On Friday, U.S. District Judge Dana Sabraw of the Southern District of California heard arguments in a case brought by the American Civil Liberties Union over what it claims is the federal government’s practice of separating asylum-seeking parents and kids as a means to “deter” other families from coming here for the same purpose.

Sessions said Monday he believed the asylum process “needs some changes” in light of the caravan which entered San Diego last week and the fact that only 20 percent of asylum claims are granted.

He implored families seeking asylum to present themselves at ports of entry rather than crossing illegally under dangerous, and frequently deadly, circumstances.

“We don’t want to separate families but we don’t want families to come to the border illegally and attempt to enter the country improperly,” Sessions said.

“We urge them not to come themselves illegally, and even worse, to bring their children with them or some other children. Mainly children are being brought by people who aren’t their parents.”

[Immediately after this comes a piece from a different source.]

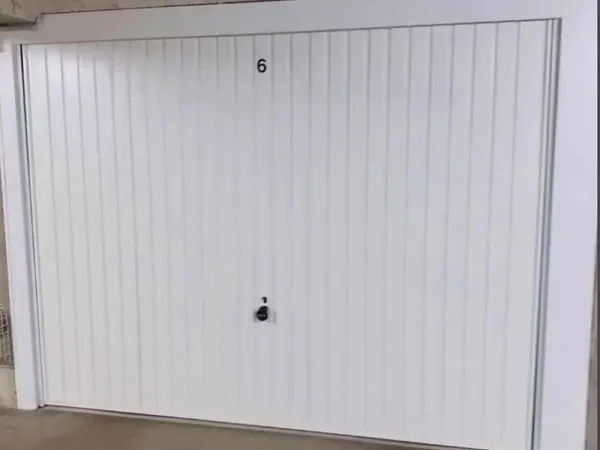 box, garage sécurisé 12 m2 Rueil-Malmaison/ Bougival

Sessions said the laser focus on prosecuting unlawful entry cases will “inevitably” cause children to be separated from their parents, since unaccompanied minors are cared for by the Department of Health and Human Services.

“I have no doubt that many of those crossing our border illegally are leaving difficult situations. But we cannot take everyone on earth who is in a difficult situation,” Sessions said after calling U.S. immigration laws the “most generous in the world” for accepting 1.1 million permanent residents a year.

The current border fence, with a view of the solid wall jutting into the Pacific Ocean in the background. (Bianca Bruno/CNS)

Last week, the Justice Department hired 35 additional assistant U.S. attorneys to specifically prosecute immigration cases along the U.S.-Mexico border. The Justice Department also assigned 18 supervisory immigration judges to hear cases in-person and via video teleconferencing along the U.S.-Mexico border.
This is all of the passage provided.